Y la versión de Switch 2 resulta especialmente interesante porque demuestra que la nueva generación portátil de Nintendo ya puede recibir proyectos técnicamente mucho más ambiciosos.
El juego mantiene una presentación bastante sólida en la consola y, más allá de las diferencias técnicas que puedan existir entre plataformas, lo importante es que la experiencia principal sigue siendo la misma: combatir, explorar Kyoto y enfrentarse a los Genma.
Eso sí, si tienes la posibilidad de jugarlo en una plataforma donde puedas aprovechar al máximo sus opciones visuales, el RE Engine luce particularmente bien.

Entonces… ¿vale la pena?
Sí.
Pero con una pequeña condición:
tienes que venir por el combate.
Porque si lo que buscas es un enorme mundo abierto lleno de actividades diferentes, probablemente encontrarás algunos elementos de Way of the Sword bastante más limitados de lo que esperabas.
Pero si quieres un juego de acción donde el protagonista tenga una espada, los enemigos sean peligrosos y cada combate importante te obligue a mejorar…
Aquí tienes algo bastante especial.
Onimusha: Way of the Sword no intenta reinventar absolutamente todo.
Y qué bueno.
Después de 20 años, Capcom entendió que lo importante no era convertir Onimusha en otra cosa.
Era recordar por qué la gente quería que regresara.
El combate.
La ambientación.
Los demonios.
La mezcla de historia japonesa y fantasía.
Los personajes.
Las batallas contra jefes.
Y esa sensación de que cada vez que sacas la espada estás a punto de entrar en un problema bastante grande.
Conclusión
Onimusha: Way of the Sword es un regreso más que digno para una franquicia que llevaba dos décadas esperando su momento.
No es perfecto.
Sus secciones de exploración pueden sentirse innecesarias, algunas actividades tienen demasiado aroma a relleno y la variedad de enemigos no siempre está a la altura de lo que permite su excelente sistema de combate.
Pero cuando Capcom deja de preocuparse por llenar el mapa y simplemente te pone frente a un enemigo, una arena y una espada…

Onimusha vuelve a sentirse como Onimusha.

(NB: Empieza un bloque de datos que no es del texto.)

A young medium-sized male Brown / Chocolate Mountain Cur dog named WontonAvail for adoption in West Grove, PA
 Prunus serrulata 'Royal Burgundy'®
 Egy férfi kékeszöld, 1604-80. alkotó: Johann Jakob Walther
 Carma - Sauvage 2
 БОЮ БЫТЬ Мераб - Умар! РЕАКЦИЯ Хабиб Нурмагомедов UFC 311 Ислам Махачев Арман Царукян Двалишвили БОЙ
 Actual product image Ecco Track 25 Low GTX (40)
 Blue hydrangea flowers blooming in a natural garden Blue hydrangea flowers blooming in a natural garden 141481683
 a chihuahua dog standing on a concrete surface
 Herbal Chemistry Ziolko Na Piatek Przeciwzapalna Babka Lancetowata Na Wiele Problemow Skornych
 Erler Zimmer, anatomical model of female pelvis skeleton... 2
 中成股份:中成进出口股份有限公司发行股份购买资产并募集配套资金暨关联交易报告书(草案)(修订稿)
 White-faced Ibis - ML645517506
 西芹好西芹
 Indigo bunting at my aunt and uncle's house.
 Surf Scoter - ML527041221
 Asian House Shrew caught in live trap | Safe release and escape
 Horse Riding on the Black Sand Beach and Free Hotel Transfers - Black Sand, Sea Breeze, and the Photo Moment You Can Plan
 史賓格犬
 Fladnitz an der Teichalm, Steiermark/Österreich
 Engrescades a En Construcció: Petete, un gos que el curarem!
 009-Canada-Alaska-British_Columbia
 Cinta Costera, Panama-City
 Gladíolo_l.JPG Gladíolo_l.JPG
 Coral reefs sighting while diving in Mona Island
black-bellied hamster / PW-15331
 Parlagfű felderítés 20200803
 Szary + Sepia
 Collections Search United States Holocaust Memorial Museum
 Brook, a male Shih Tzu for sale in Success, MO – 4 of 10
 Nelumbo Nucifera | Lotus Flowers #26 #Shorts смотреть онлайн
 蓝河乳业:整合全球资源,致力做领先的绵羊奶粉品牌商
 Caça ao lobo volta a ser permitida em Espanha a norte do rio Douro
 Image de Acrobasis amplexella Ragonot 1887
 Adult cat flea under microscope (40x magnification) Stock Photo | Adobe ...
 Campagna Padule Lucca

Y ahí es donde está la magia.
El combate es preciso, exigente y tremendamente satisfactorio. Los jefes son uno de los grandes atractivos de la aventura, la presentación visual es espectacular y Musashi funciona como protagonista gracias a una evolución que le da mucho más carácter que simplemente ser “el tipo que tiene la espada”.
Además, Capcom logró algo que no era sencillo: modernizar una franquicia de PlayStation 2 sin borrar completamente su identidad.
Eso es probablemente el mayor triunfo de Way of the Sword.
Porque después de tantos años, Onimusha no necesitaba demostrar que podía competir con todos los juegos modernos.
Solo necesitaba demostrar que todavía sabía sacar la espada.
Y vaya que la sacó.
Onimusha: Way of the Sword es una excelente opción para quienes buscan acción, samuráis, fantasía oscura y combates que realmente premian aprender a jugar.
No estamos ante un regreso perfecto.
Pero sí ante uno que deja una pregunta bastante interesante:
si este es el nuevo comienzo de Onimusha… ¿cuánto tardará Capcom en volver a abrir el portal para una segunda aventura?
Porque después de jugar Way of the Sword, queda bastante claro que no queremos esperar otros 20 años.